(Your instructions)
Starting at the top of the entries below, write out each line up to and including the one containing "Taupe Suede Heels". Leave the pictures out.

--- START ---

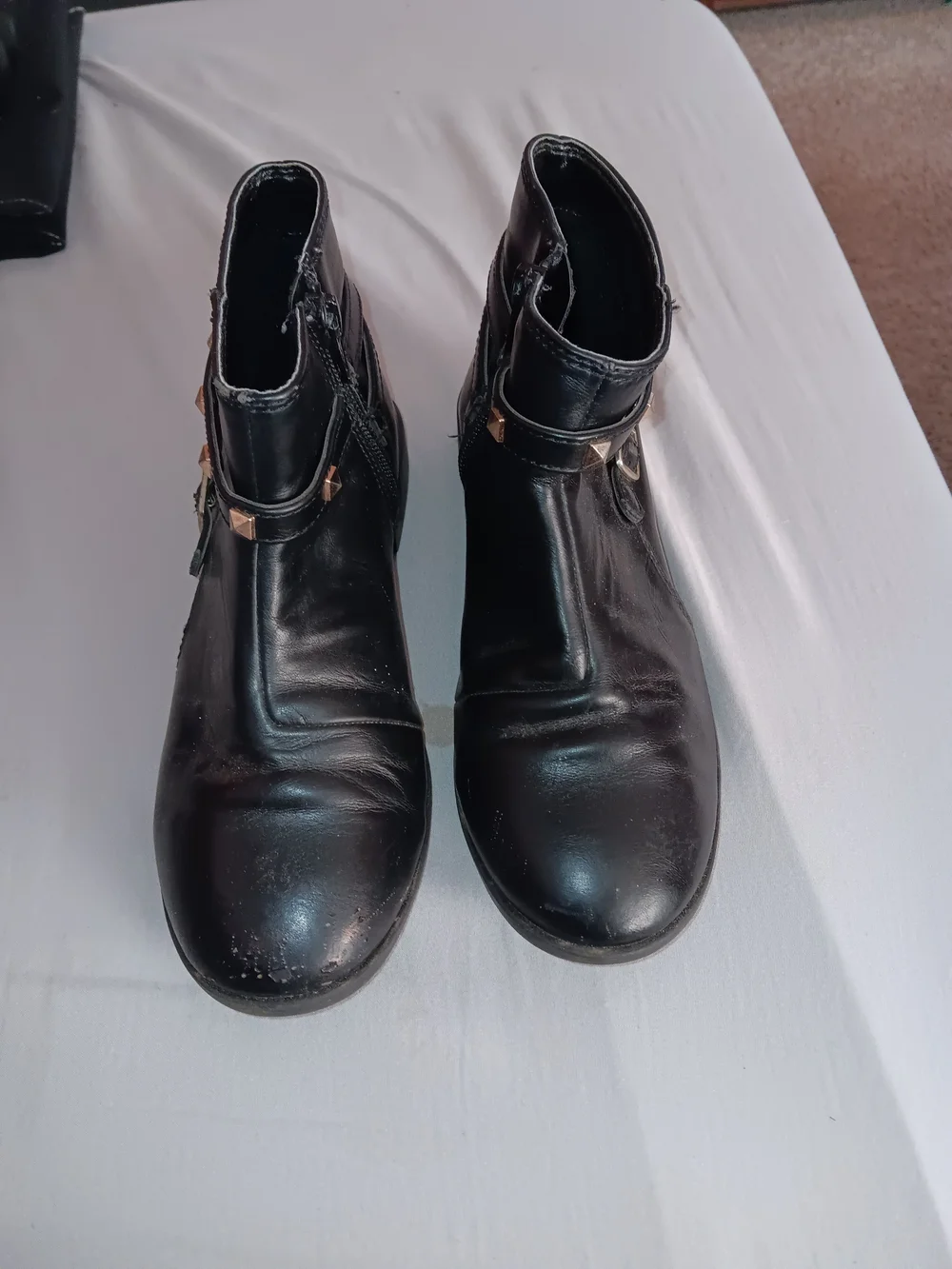 Girls Size 2, Black Ankle Boots - Classic Zip & Buckle Style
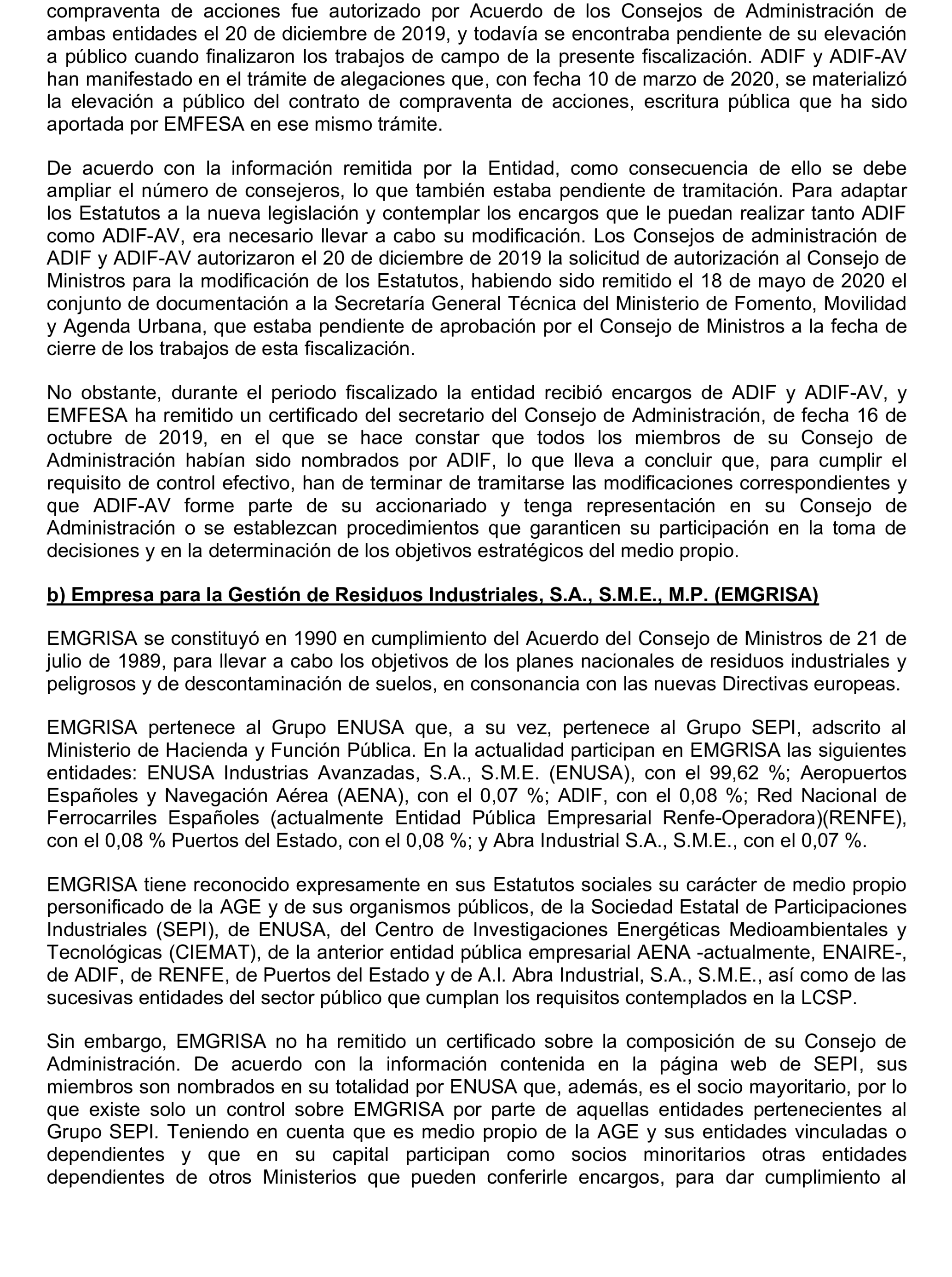Imagen del artículo Resolución de 22 de octubre de 2024, aprobada por la Comisión Mixta para las Relaciones con el Tribunal de Cuentas, en relación con el Informe de fiscalización de la adaptación de los medios propios existentes en el ámbito empresarial estatal no financiero a las exigencias de la Ley 40/2015, de Régimen Jurídico del Sector Público y de la Ley 9/2017, de Contratos del Sector Público.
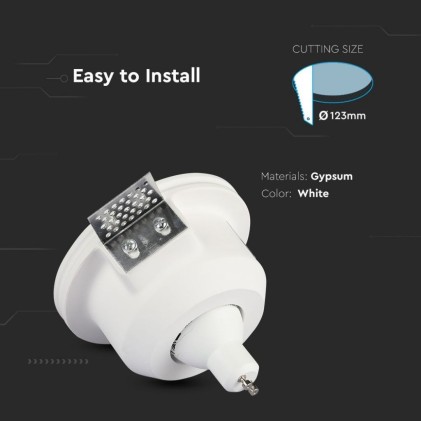 V-TAC Portafaretto LED Montaggio a Incasso Rotondo GU10 e GU5.3 (MR16) Corpo in Gesso Copertura Satinata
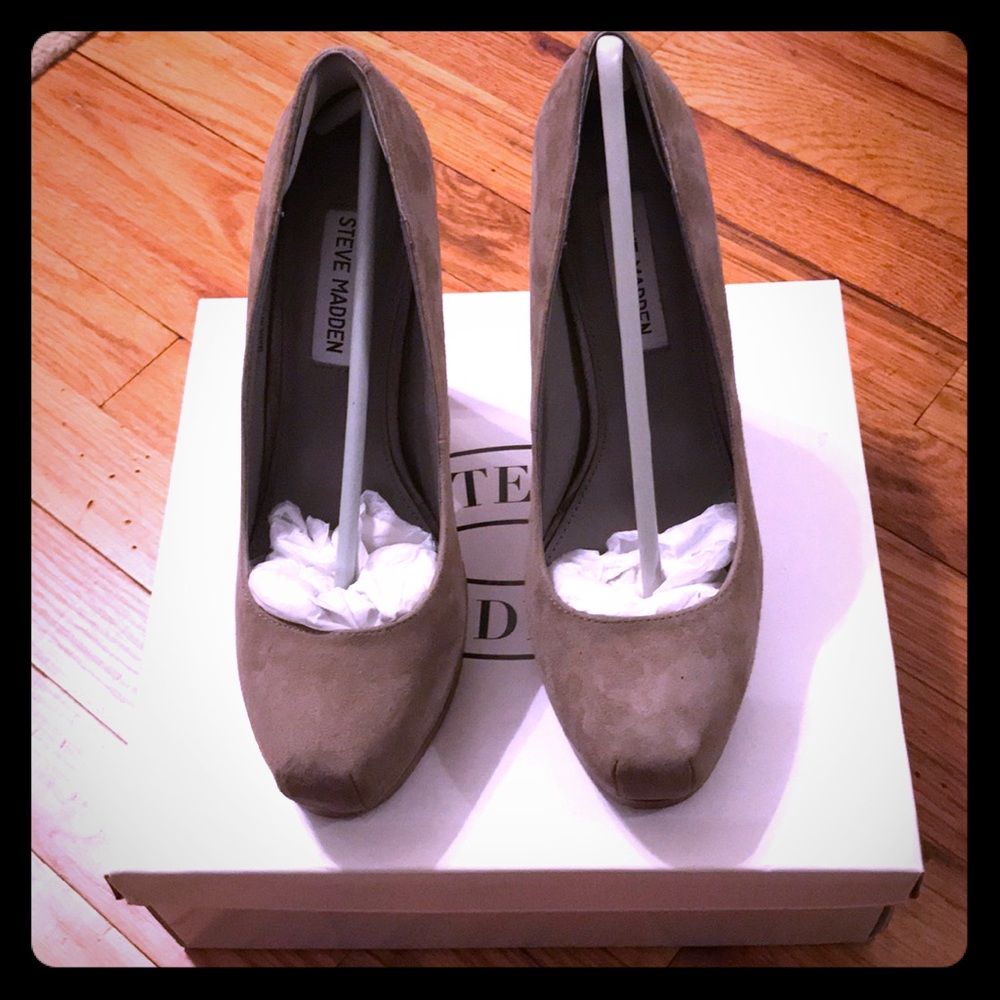 Taupe Suede Heels
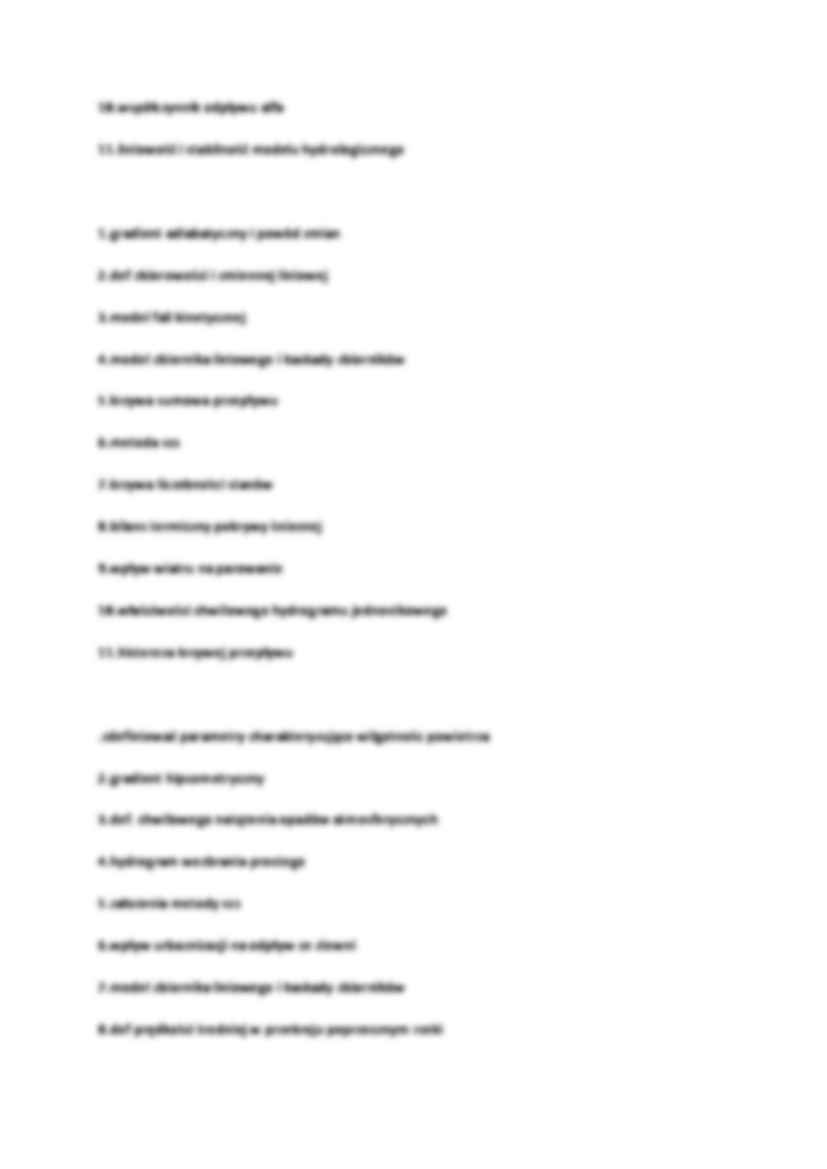 Hydrologia - pytania na egzamin - strona 2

--- END ---

(Response box)
 Girls Size 2, Black Ankle Boots - Classic Zip & Buckle Style
Imagen del artículo Resolución de 22 de octubre de 2024, aprobada por la Comisión Mixta para las Relaciones con el Tribunal de Cuentas, en relación con el Informe de fiscalización de la adaptación de los medios propios existentes en el ámbito empresarial estatal no financiero a las exigencias de la Ley 40/2015, de Régimen Jurídico del Sector Público y de la Ley 9/2017, de Contratos del Sector Público.
 V-TAC Portafaretto LED Montaggio a Incasso Rotondo GU10 e GU5.3 (MR16) Corpo in Gesso Copertura Satinata
 Taupe Suede Heels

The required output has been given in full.